Feature Request: Make the spire server's node selectors consistent with the real state

kongweiguo commented 1 year ago

Now, the node attestation flow seems to be a one-shot action. After the node attestation procedures, spire server side node attestation plugin will emit some selectors back to spire server. It seems, those selectors will never be changed/updated until the next node attestation which is only trigged at the begining of the spire agent.

Firstly, from a security architecture perspective, Security Attestation should be continous.

Secondly, spire server's workload entries scope should be accurate. Especially in large-scale production scenarios, in order to meet the scheduling needs of the business App, the labels and taints of the node/agent may be changed frequently.
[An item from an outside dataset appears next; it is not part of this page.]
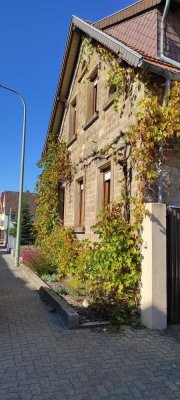 Schönes 3,5-Zimmer-Einfamilienhaus mit geh. Innenausstattung und EBK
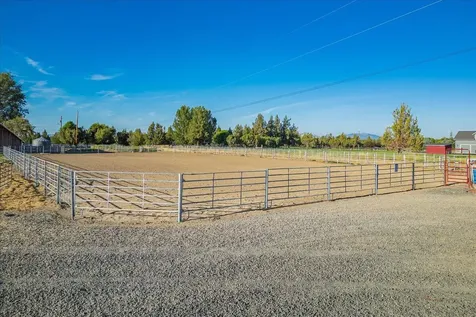 6150 NW Kingwood Avenue Redmond OR 97756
So I want to request a mechanism to make the node selectors in the spire server to keep up with real world's changes in time. There's some scenarios:

In k8s, when the node taints or labels change, the spire server selector should be updated timely.
In the classic ec2 / ecs scenario, the node authentication plugin can obtain labels/tags of the nodes from the Public Cloud provider to create node selectors, but after the node attributes change, those selectors should also timely update.

Proposal: The spire agent provides a new interface to the plugin so that the plugin can actively trigger Attestation. The plugin is responsible for sensing environmental changes.

rturner3 commented 1 year ago

Hi @kongweiguo, I think this would be a great capability to have. We have discussed doing something similar for workload attestation in the past as well (#2666).

In order for this to work effectively, the server would need some way to signal to agents that they need to re-attest, as well as a way for the server to enforce that agents must re-attest at a certain point.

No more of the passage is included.